Opinion: If most homeless are ‘local,’ try working on prevention

Staff Photo by Dave Flessner / The city of Chattanooga has delayed its initial rezoning request to use a former Southeast Tennessee Human Resources Agency bus property on 12th Street for a homeless shelter, as shown on this sign on the property last week.

It was a rumor that many Chattanoogans had heard — that the city offered such accommodating services that homeless people purposely came to the city.

The Chattanooga Regional Homeless Coalition evidently wanted to squelch that rumor or prove it wasn't true, so the agency and its partners took an informal survey of clients over the last three months to see if they had lived in the greater Chattanooga area for one year or more.

More than 87% of 1,226 who were asked said they had.

While that may have satisfied the agencies that a large influx of homeless people weren't coming here for what they thought the city could offer, it also may have unintentionally said that not enough effort is being put into helping local people on the verge of homelessness, local people who already have connections here, local people who likely have had previous jobs here or local people who in the past have had homes here.

That's not necessarily the job of the homeless coalition, but it may be saying something to the city and its partners about prevention.

We're not naive enough to think that the city or any partner can stop every person from becoming homeless.
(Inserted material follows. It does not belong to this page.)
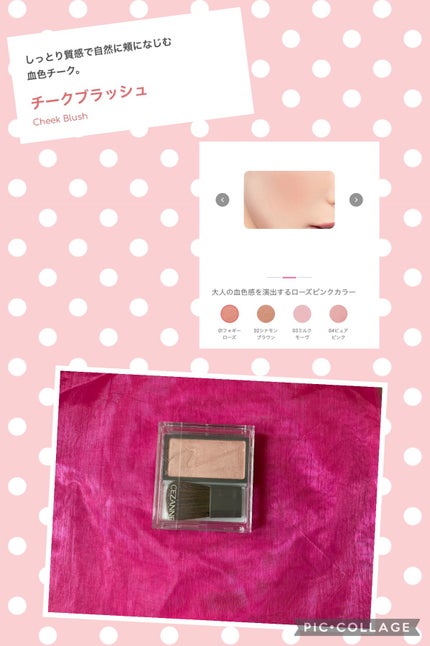 チークブラッシュ/CEZANNE/パウダーチークを使ったクチコミ(1枚目)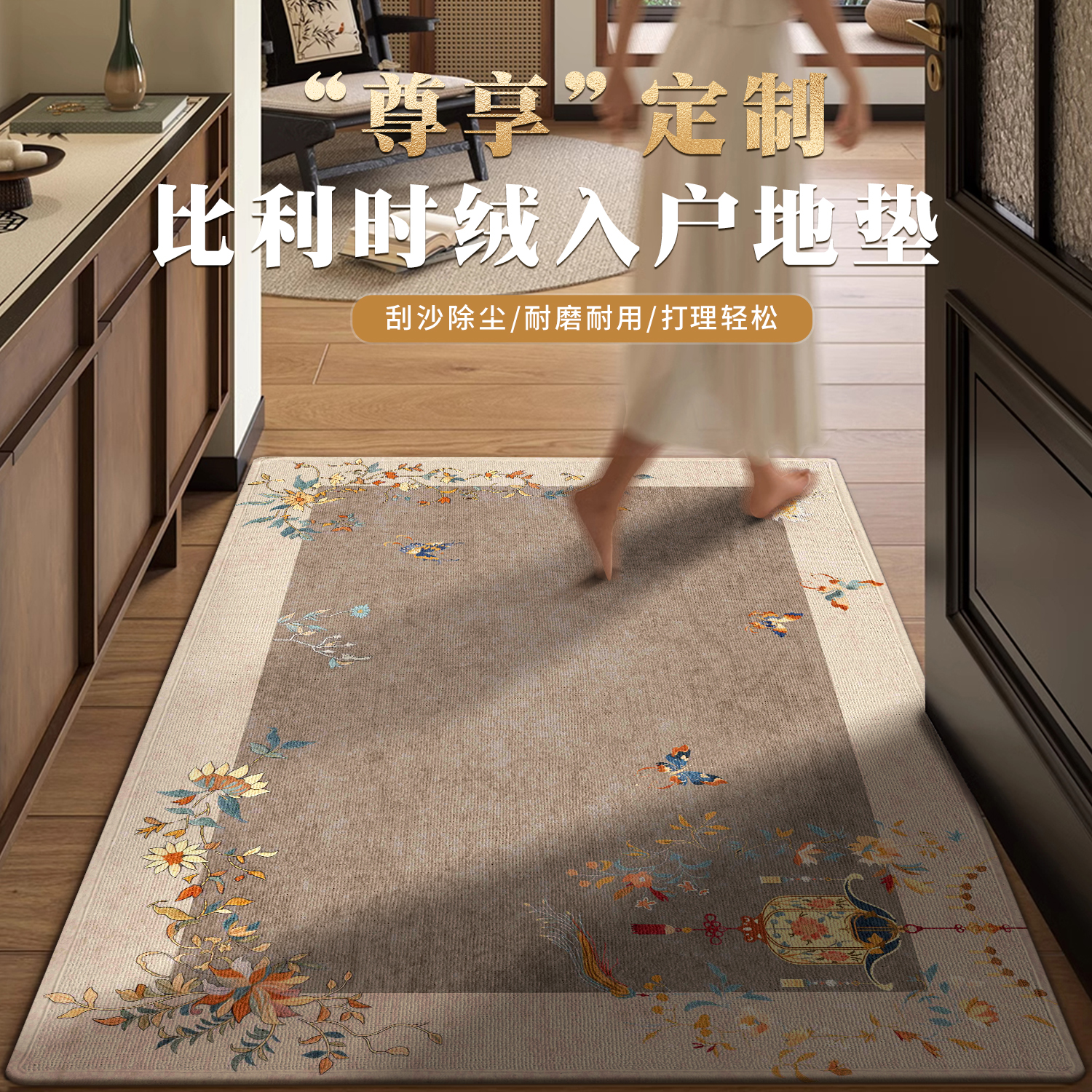 新中式入户门内地垫n门外进门蹭土脚垫门口耐脏家用门垫可定制地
After all, that is the preferred step for some people, with or without mental health issues. But if the majority of local homeless have Chattanooga area connections, just as with preventive medicine, it would be preferable to figure out a way to prevent homelessness on the front end rather than have to treat the issue once it happens.

At the fore is the city's proposal to turn a 12th Street building into a low-barrier shelter, meaning a temporary facility that may have less strict standards than other shelters. The city was moving toward a rezoning request on the project but put a pause on it recently after neighbors complained it would only attract more homeless individuals to the area.
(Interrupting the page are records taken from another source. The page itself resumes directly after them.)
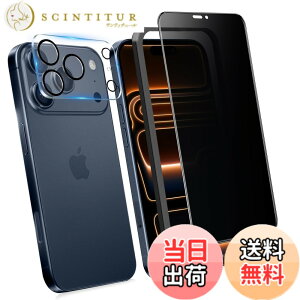 �y���������z�`�����h�~�t�B���� 360° �S���� �w��h�~ �F�F360°�`�����h�~-1���Z�b�g�A�T�C�Y�FiPhone 17Promax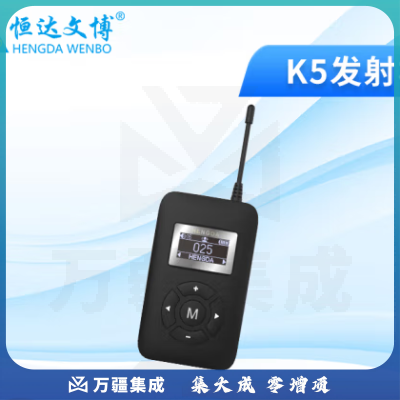 恒达文博挂脖导游无线讲解器一对多政企接待参观讲解手持同声传译展厅解说风领夹话筒同声传译景区博物馆 K5发射机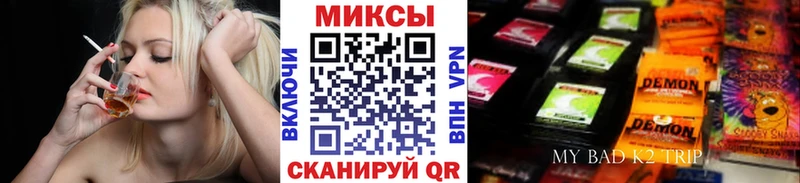 Бутират вода  Находка 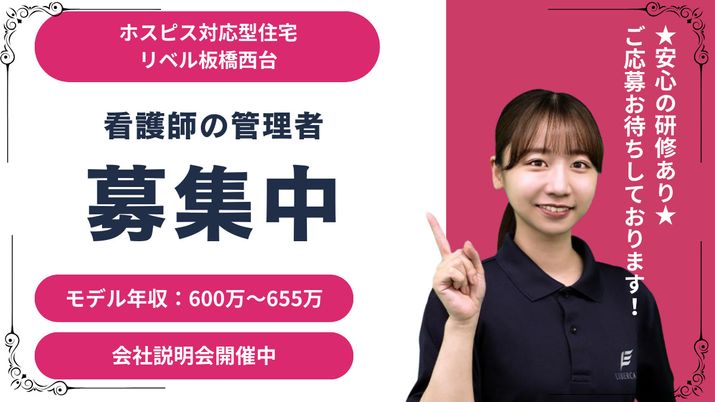 看護師募集イメージ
Last week, in a news report announcing that the local Greyhound bus hub that had been in the aforementioned 12th Street building was relocated to Billy's Truck Stop in Wildwood, Georgia, Kevin Roig, a spokesman for Chattanooga Mayor Tim Kelly, seemed to indicate the bus stop's location and its proximity to homeless services were connected.

"That location's proximity to existing homeless service providers is not conducive to the community's or the city's desire to maintain a vigilant posture against the trafficking of unsheltered people being sent here from other places showing up on Chattanooga's doorstep," he said.

However, both the mayor and his spokesman said in a separate news article several days later that people weren't intentionally being bused here.

"The myth has become that folks are just coming in on buses," said Kelly, "and we're just not seeing that."

"That is not something that is actively happening," Roig said, "nor are we claiming that that is a thing that is actively happening."

Homeless coalition numbers indicated of the more than 12% of people who have come here from elsewhere over the past three months, 33 have come from Georgia (and mostly from Atlanta), 16 from Florida and 71 from a variety of other states (with no other state having more than eight).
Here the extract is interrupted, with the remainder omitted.